Peter Bernadorne (Jeremy Davies, of Justified fame) is an eerily apt parallel for Will: a brain-damaged man with an excess of empathy, pulled into the thrall of a psychopath hiding in plain sight and used as a puppet and a patsy for some very dark deeds. Davies is great in the role, oozing anguish and tortured confusion even as he sews his psychological captor into the womb of a horse (no other show on television would allow me to type that sentence, which the show recognizes in its particular darkly humorous fashion when Will calmly inquires “Peter, is your social worker in that horse?”). Clark Ingram (Chris Diamantopoulos) toys with Peter in part because it is convenient and in part because he’s curious what will happen when he lays bare a man’s mental state and toys with it like a child deconstructing Legos.
But by showing us a pattern that resembles Will and Hannibal’s relationship last season, “Su-zakana” indicates just how far beyond that dichotomy our two leads have moved.
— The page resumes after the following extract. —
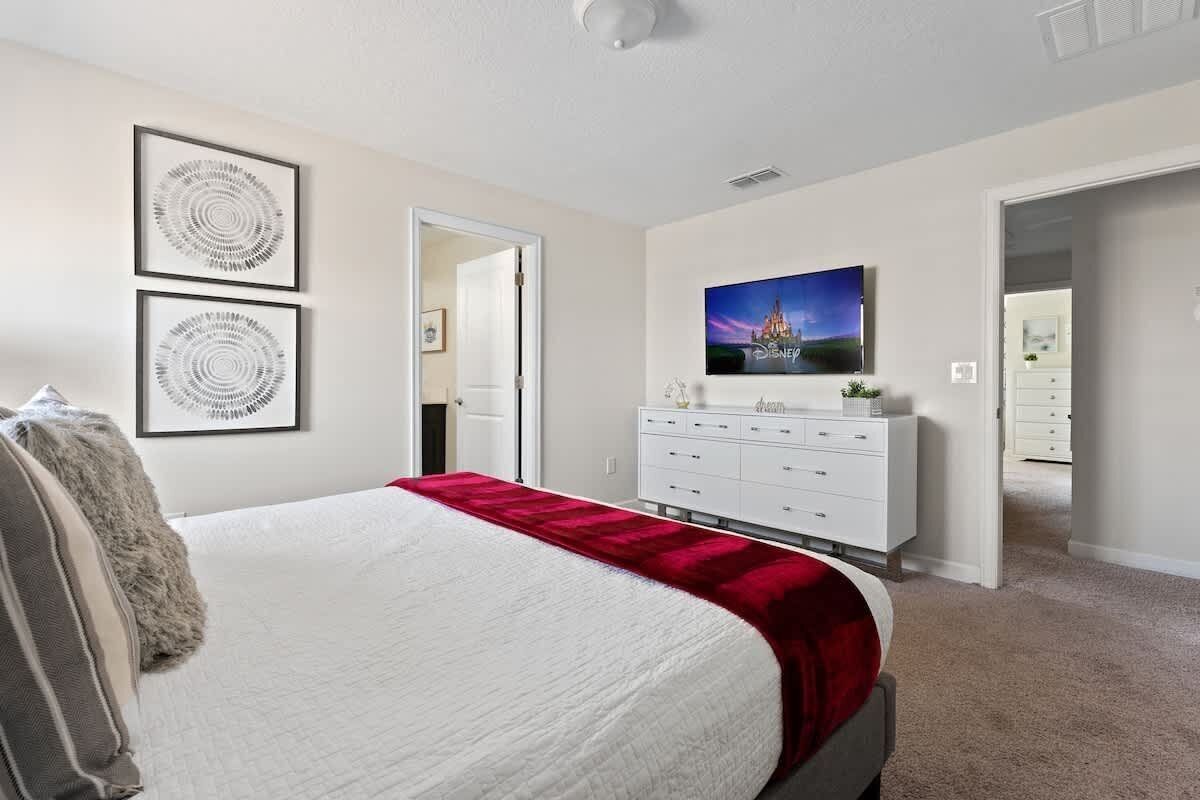 A bedroom with a large bed, a TV on the wall, and a dresser.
They have both evolved through this process, and they understand each other better now. They are closer to equals, which fascinates them both even as it repels Will. To catch a killer, Will has to become him, even if only for a moment. But Hannibal is the biggest fish Will has ever tried to lure, and in bringing him down, Will is having to learn to live with Lucifer in the back of his mind. To become Hannibal Lecter is to lose parts of himself Will can never hope to regain, and as his finger hesitates on the trigger tonight, with Hannibal literally whispering in his ear, it is clear just how much Will Graham has lost, and how little he has gained to this point. What he has is knowledge, of himself, and of his quarry. What worth that knowledge has in a world strewn with bodies that result from his hunt is an open question, but Will Graham is no longer becoming: he has become, and now he must learn how to live in the world.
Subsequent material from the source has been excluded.